Boyd claims that identifying the digital populace as either “digital natives” or “digital immigrants” detracts from the issue of accessibility. Her explanation about the various ways in which teens access digital media illustrates how the disparity grows.
Talk of digital natives may make it harder for us to pay attention to the digital divide in terms of who has access to different technical platforms and the participation gap in terms of who has access to certain skills and competencies or for that matter, certain cultural experiences and social identities. (192)

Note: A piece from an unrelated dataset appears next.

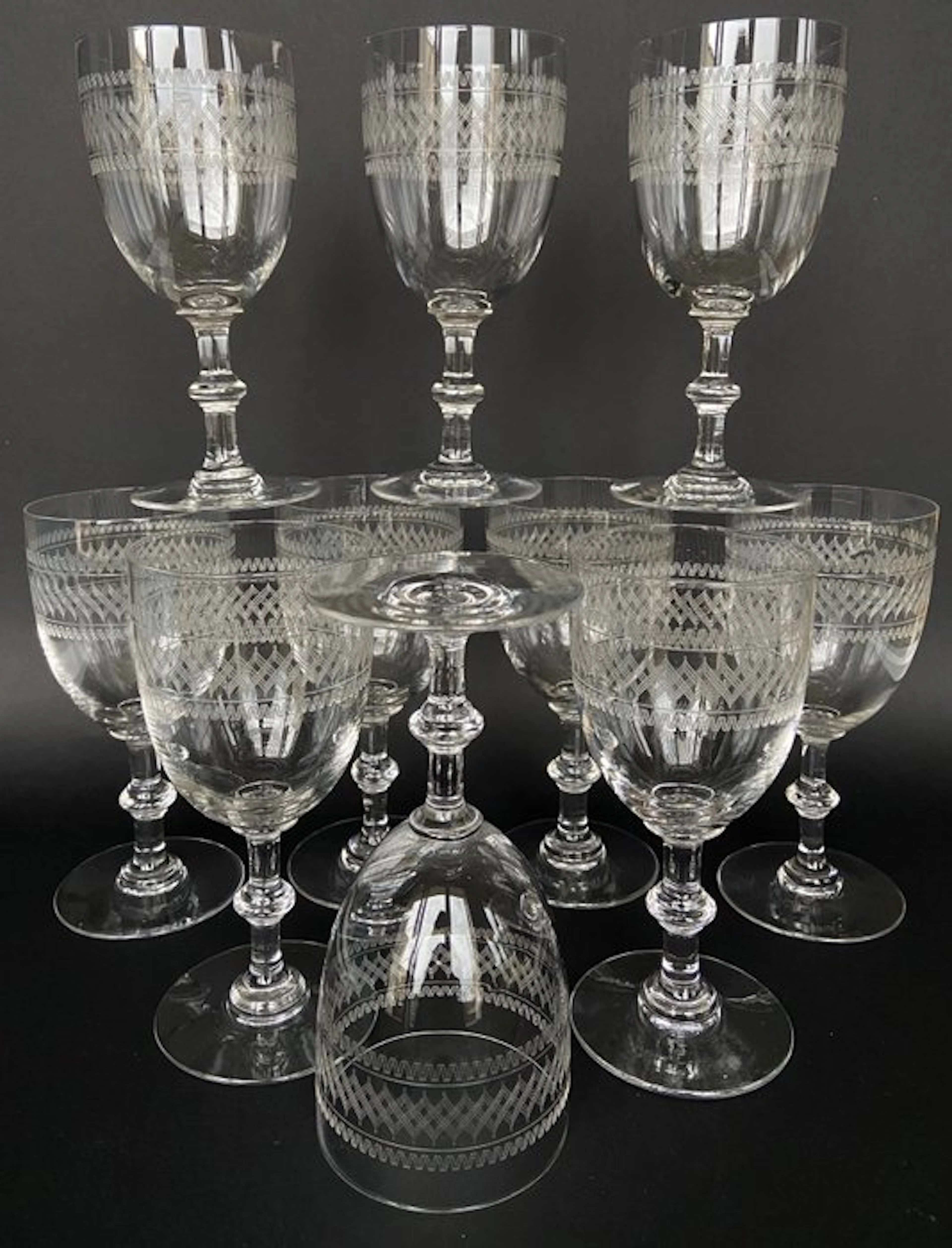 Drinking glass - Magnificent set of 10 water glasses. - Engraved crystal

Those who have computers at home are able to access the media more often; therefore their digital literacy skills are usually greater. Those who do not have frequent access are in a constant state of playing catch-up. This disadvantage, when not adequately addressed, leaves this subgroup of “digital natives” far enough behind that it is harder to compete with their cohorts. I can relate to this because when I was in the seventh grade, I was one of those students who did not have a computer at home. There were no computers in the library yet, so the only computers I had access to were at school. A few years went by before I could regularly access a computer and a few more before I learned to use one to do anything other than play Frogger. I was one of those people who were digitally illiterate; I was behind. This is not to say that it is impossible for the disadvantaged to catch-up, but it is a challenge nonetheless. So Boyd’s argument is somewhat valid.However, it lacks adequate support. There is no data to support the author’s claim. Instead, she seems to rely on the credibility of other authors and researchers who discuss some of these issues earlier.

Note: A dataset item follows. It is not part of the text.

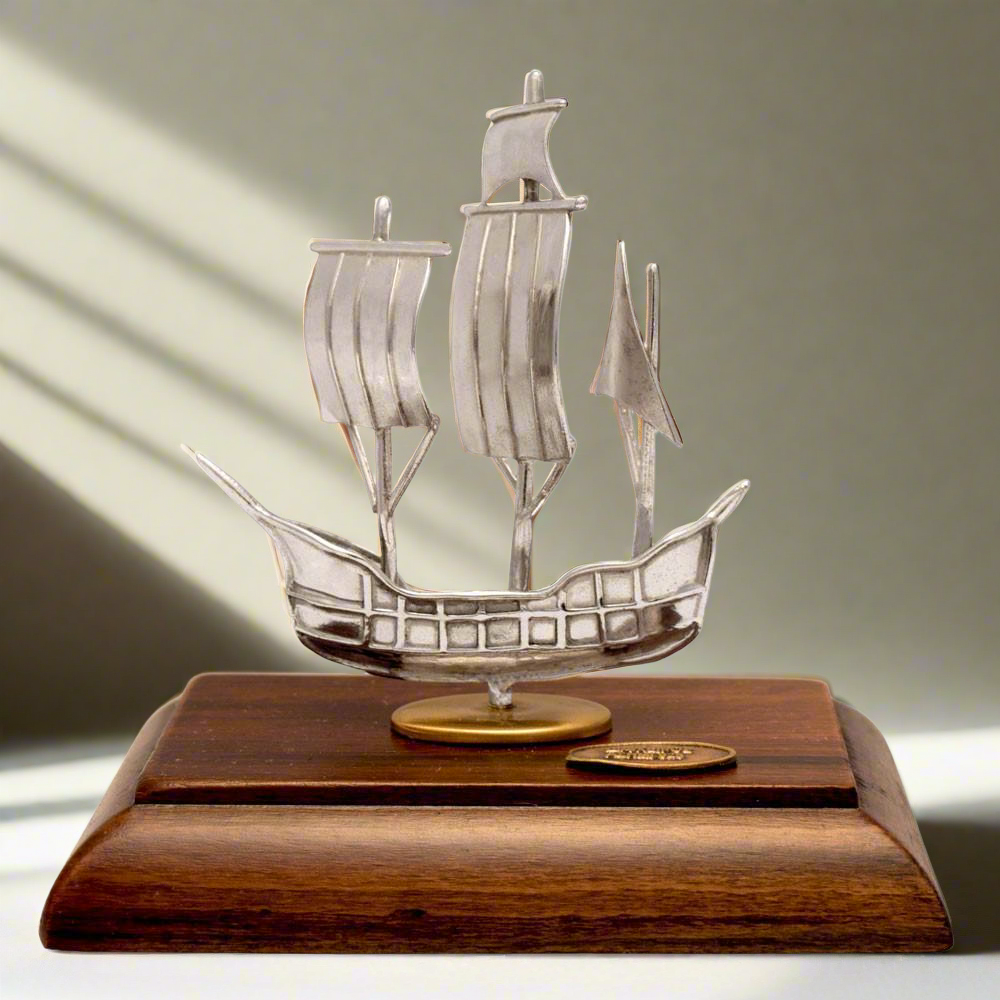 Handmade sailboat in sterling silver Nautical Decor (A-38-31)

The author suggests that censoring
“problematic content” fails to provide users the opportunity to flex their academic muscles. Boyd uses the controversy about Wikipedia’s trustworthiness as an example. This familiar example allows the reader to better understand the censorship issue. She claims that “[students] need to know how to grapple with the plethora of information that is easily accessible and rarely vetted” (181). In other words, protecting students from seemingly incorrect information weakens their academic muscles and fails to prepare them for a world run by propaganda.
At first glance, one would think that “digital natives” have no problem accessing and making use of digital media. However, being able to access the internet from a digital device does not make one tech savvy. According to one example that Boyd uses, some have access to the internet, but because it is sometimes a little sketchy, students choose easier platforms (194). It is “easier” to ask someone else because of the limitations. This, according to Boyd, is a distraction. She states, “The rhetoric of “digital natives,” far from being useful, is often a distraction to understanding the challenges that youth face in a networked world” (194). So this limitations are just one example of the “distractions” that some young users face. Although Boyd’s argument is reasonable, her lack of statistics makes it hard for someone without prior knowledge or experience to accept.
Boyd, Danah. “Literacy: Are Today’s Youth Digital Natives?” It’s Complicated: The Social Lives of Networked Teens. Yale University Press, 2014, pp. 176-198.